Four Lions - Wie werde ich Terrorist?
GB 2010
+++1/2
Manch ein Politiker wollte die brillante Terrorismus-Satire Four Lions im Vorfeld ihres hiesigen Kinostarts verbieten lassen. Der Film würde die ohnehin angespannte Sicherheitslage bedrohen und Islamisten zu neuen Anschlägen anstacheln. Ein absurder Vorwurf. Tatsächlich gelingt Regisseur Christopher Morris eine bitterböse, schonungslose Abrechnung mit Fanatismus und religiösem Eifer, die sich auf jede Form des Extremismus übertragen lässt. Merke: Auch ein Terrorist ist nicht vor Spott, Häme und Missgeschicken gefeit.
Filmkritik:
Christopher Morris’ kontrovers diskutierte Terrorismus-Satire Four Lions eröffnet mit einer Szene, die wir so zur Genüge aus den üblichen Droh- und Propagandavideos von Al-Quaida kennen. Junge Männer, die sich bereits als Märtyrer im Paradies sehen, kündigen in martialischen Worten und Posen ein todbringendes Attentat an.

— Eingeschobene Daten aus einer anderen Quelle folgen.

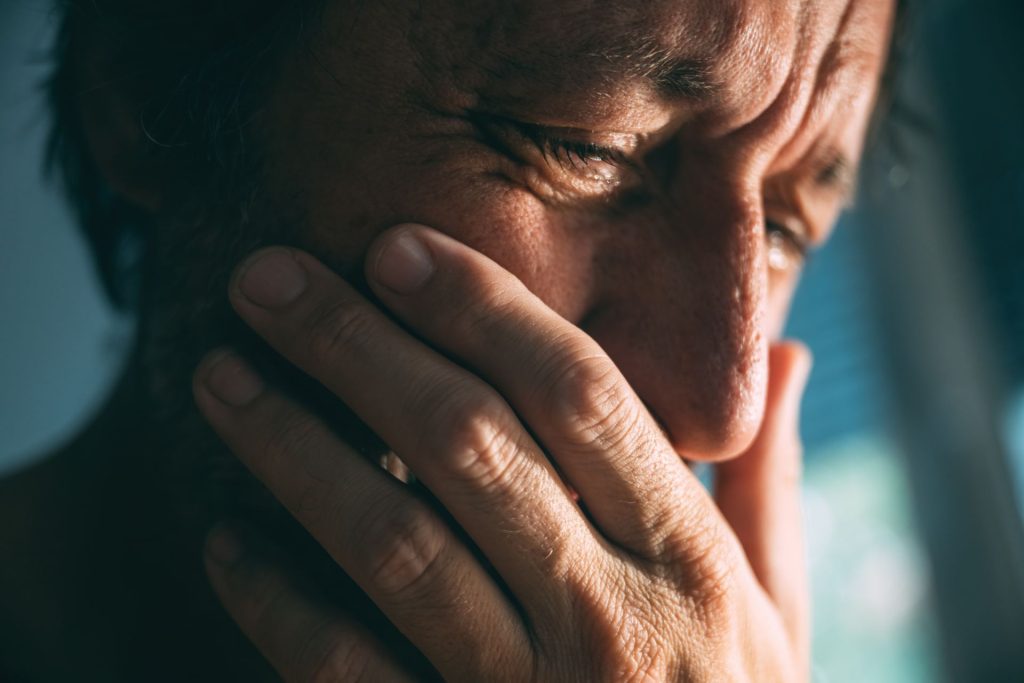 Cât de mult plânge un om în medie? O cercetare recentă aduce răspunsuri în ciuda lipsei de studii ample pe această temă Studiile despre plânsul uman sunt rare și, în general, de puțină amploare, însă un studiu recent publicat în revista Collabra: Psychology încearcă să ofere o imagine mai clară despre frecvența și motivele pentru care oamenii plâng, precum și despre beneficiile sau lipsa acestora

Anführer und Mastermind Omar (Riz Ahmed), sein Kumpel Waj (Kavyan Novak), der zum Islam konvertierte Barry (Nigel Lindsay) und der meist schweigsame Fessal (Adeel Ahktar) bilden eine Terrorzelle im englischen Sheffield. Ihr Ziel ist es, Tod und Zerstörung über die – wie sie uns im Westen nennen – Ungläubigen zu bringen und dem Islam damit zum Sieg zu verhelfen. Es zeigt sich jedoch, dass den Vier für ein solch ambitioniertes „Projekt“ mitunter die notwendigen Mittel fehlen.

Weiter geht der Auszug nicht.